You can create real-time runs for data flows that have a data set that can be streamed in real-time as the primary input, for example, of type Stream, or Facebook. Data flow runs that are initiated through the Data Flows landing page process data in the access group context. They always use the checked-in instance of the Data Flow rule and the rules that are referenced by that Data Flow rule.
Note:
Record failure
Fail the run after more than x failed records – Terminate the processing of the data flow and mark it as failed after the threshold for the allowed total number of failed records is reached or exceeded. If the threshold is not reached or exceeded, the data flow run finishes with errors. The default value is 1000 failed records.
Node failure
Resume on other nodes from the last snapshot – For resumable data flow runs, transfer the processing to the remaining active Data Flow service nodes. The starting point is based on the last processed record ID before the snapshot with the data flow run was saved. With this setting enabled, each record can be processed more than once.

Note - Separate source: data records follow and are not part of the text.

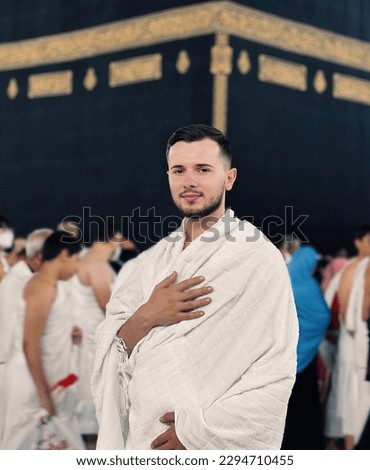 A portrait of a young Muslim man front of Kaaba in Mecca. 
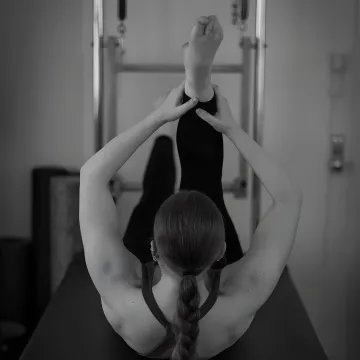 Instructor guiding beginner on Pilates equipment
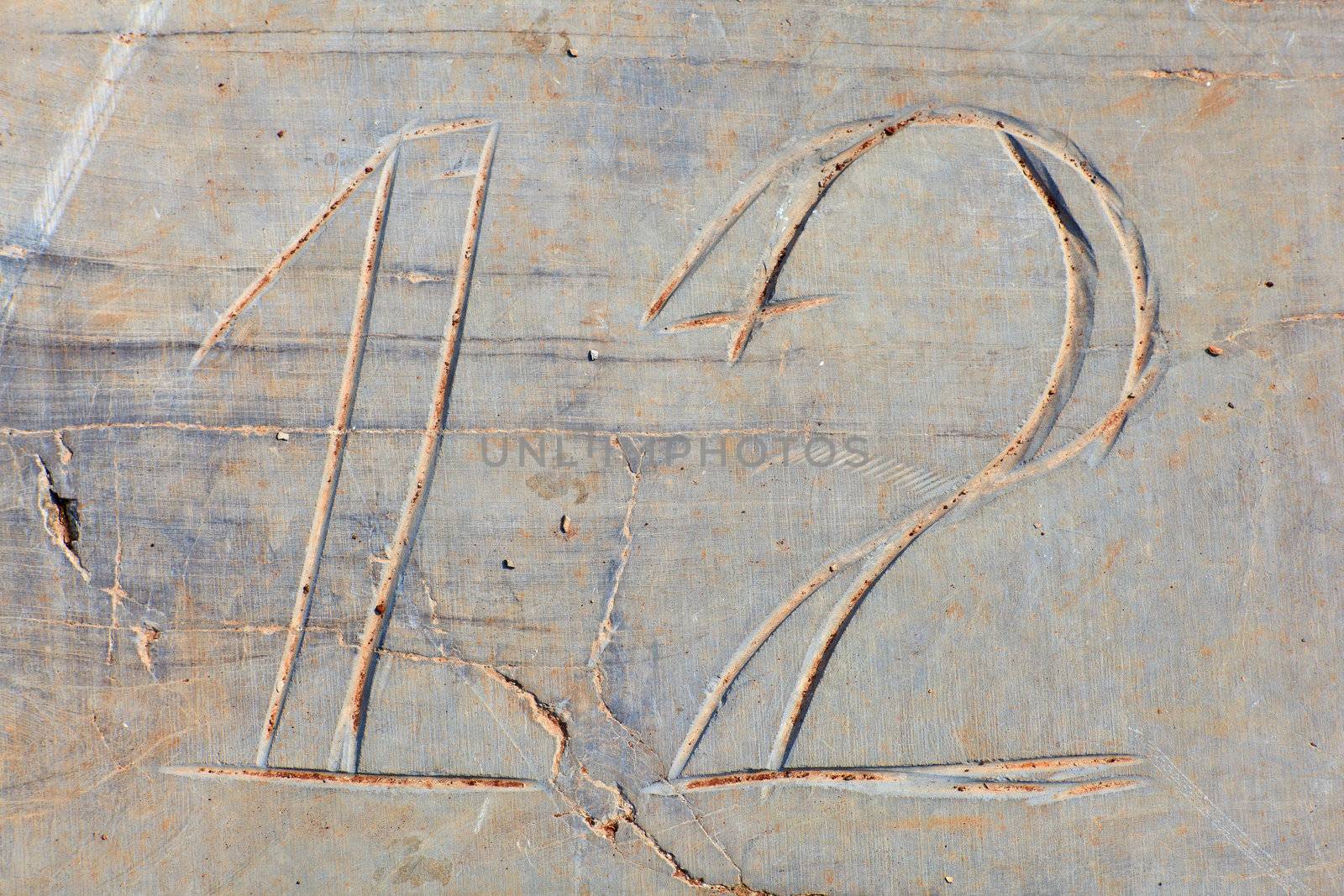 Photo of Numbers twelve etched in stone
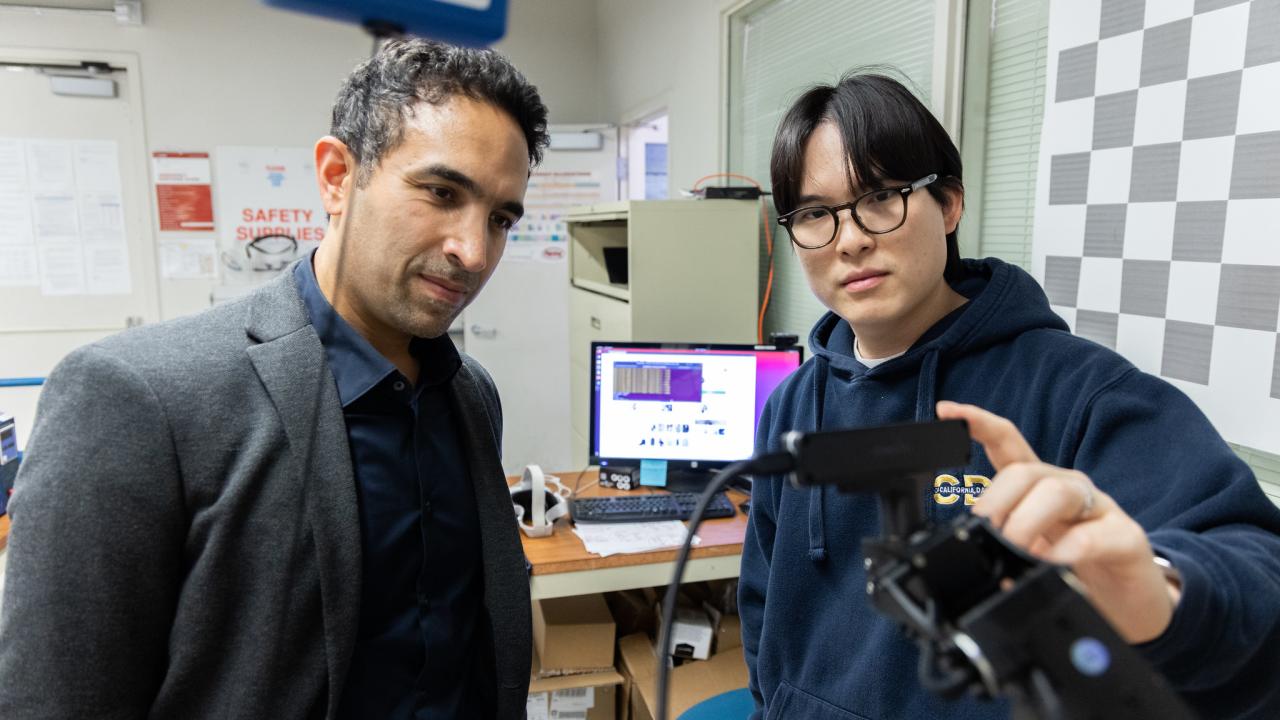 At left, a man with short curly dark hair wearing a grey jacket looks at a device held up by a younger man wearing a dark blue hoodie and glasses. 
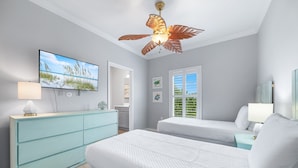 Una camera da letto con due letti, televisione, ventilatore a soffitto e vista sull'esterno da una finestra.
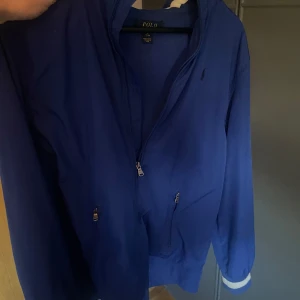 Blå vindjacka från Ralph Lauren - Säljer en as snygg blå windbreaker från Ralph Lauren. Jackan är knappt använd och är i ett mycket bra skick, perfekt väder för användning just nu, bara att höra av er med minsta fundering.. 😁👍🏼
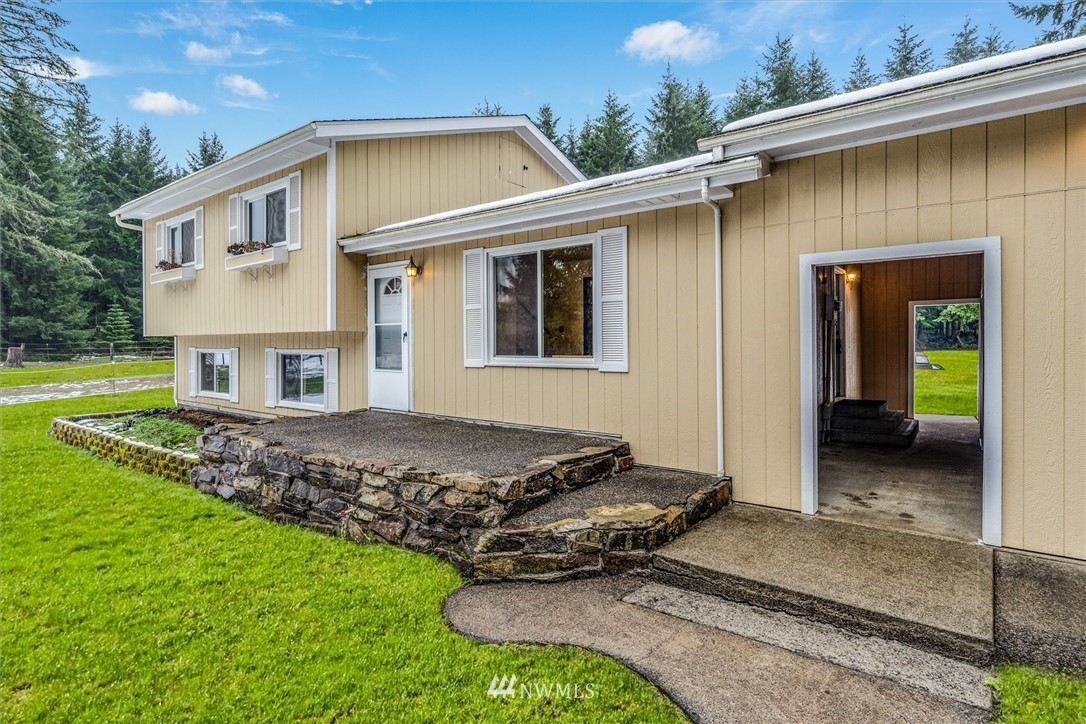 131 Tingle Road Winlock, WA 98596 - Photo 2 of 31 a view of a house with a yard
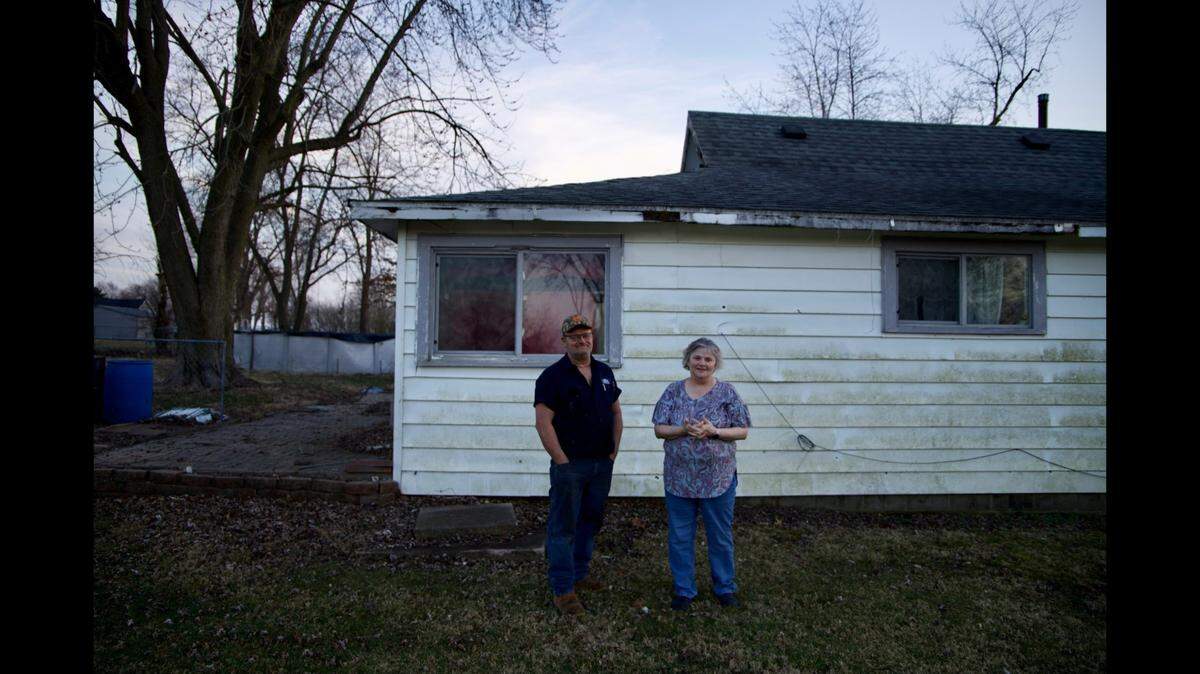 Scott and Berdeena Leturno stand outside their old home on North Vine Street in Dieterich, Illinois, where they lived and raised their four children for nearly 20 years. Feb. 27, 2024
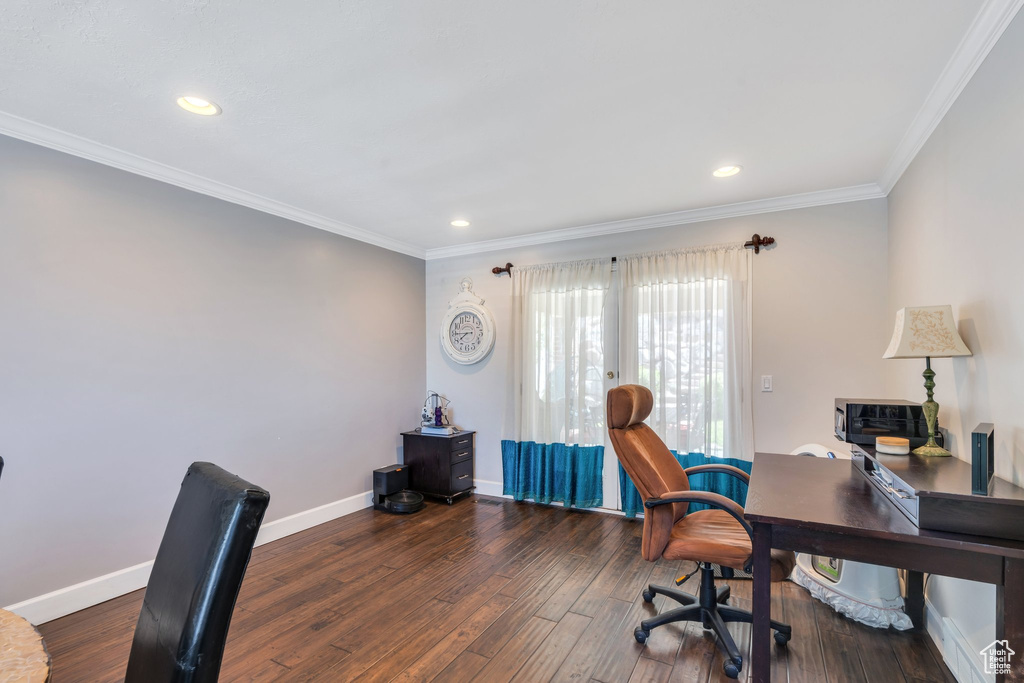 Office space featuring crown molding, wood finished floors, baseboards, and recessed lighting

Restart the partitions on other nodes – For non-resumable data flow runs, transfer the processing to the remaining active Data Flow service nodes. The starting point is based on the first record in the data partition. With this setting enabled, each record can be processed more than once.
Fail the entire run – Terminate the data flow run and mark it as failed when a Data Flow service node fails. This setting provides backward compatibility with previous Pega Platform versions.
Snapshot management
Create a snapshot every x seconds – For resumable data flow runs, specify the elapsed time for creating snapshots of the data flow runs state. The default value is 5 seconds.
Enter the number of events between the consecutive event strategy store operations.